Q COMP
Another failure, as personally witnessed
Q Comp, as assessed by the University of Minnesota and St. Catherine's, has been ineffective with students despite a legislative tab approaching half a billion dollars ("Pay plan gets poor report card," Nov. 16).
Earlier assessments and teacher feedback had already indicated that the now 10-year-old project would flop.
As a conscripted Q Comp soldier, I witnessed teachers performing amazing tasks to advance students. Yet Q Comp never rewarded those teachers as promised (the study showed it never had the tools to objectively measure individual, or even collective teacher performance). Thus, no teachers received compensation for specific, outstanding work. In fact, Q Comp did the reverse: It rewarded all teachers for participation and compliance, regardless of individual achievement.

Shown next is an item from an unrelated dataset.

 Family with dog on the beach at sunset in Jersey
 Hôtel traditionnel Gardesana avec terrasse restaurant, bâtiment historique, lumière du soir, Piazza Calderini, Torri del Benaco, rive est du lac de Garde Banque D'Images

Should legislators wait for future report cards on the program before defunding it (a 15- or 20-year progress report)? Certainly not, yet taxpayers should know that this latest education failure is likely another "untouchable" and "unmentionable" in the House and Senate, a public accounting only adding to the lengthy legislative legacy of mismanagement in education funding (e.g., Profile of Learning).
Without demand for a serious review of Q Comp's fatal flaws, taxpayers should prepare to celebrate the next great (and expensive) innovation in education reform.
STEVE WATSON, Minneapolis
THE PEOPLE'S WORK
Rewards and perks too readily given
If the Minnesota State Colleges and Universities system now needs a plan to "improve dramatically how we do our work" (Star Tribune, Nov. 21), why did the trustees award the former chancellor a $40,000 bonus in addition to his $360,000 salary (Star Tribune, June 17, 2010) in his final year?
If the University of Minnesota now needs a new "strategic plan" (Star Tribune, Nov. 9), why did former senior administrators receive $2.8 million in compensation (Star Tribune, Feb. 27, 2012) as they were leaving their positions?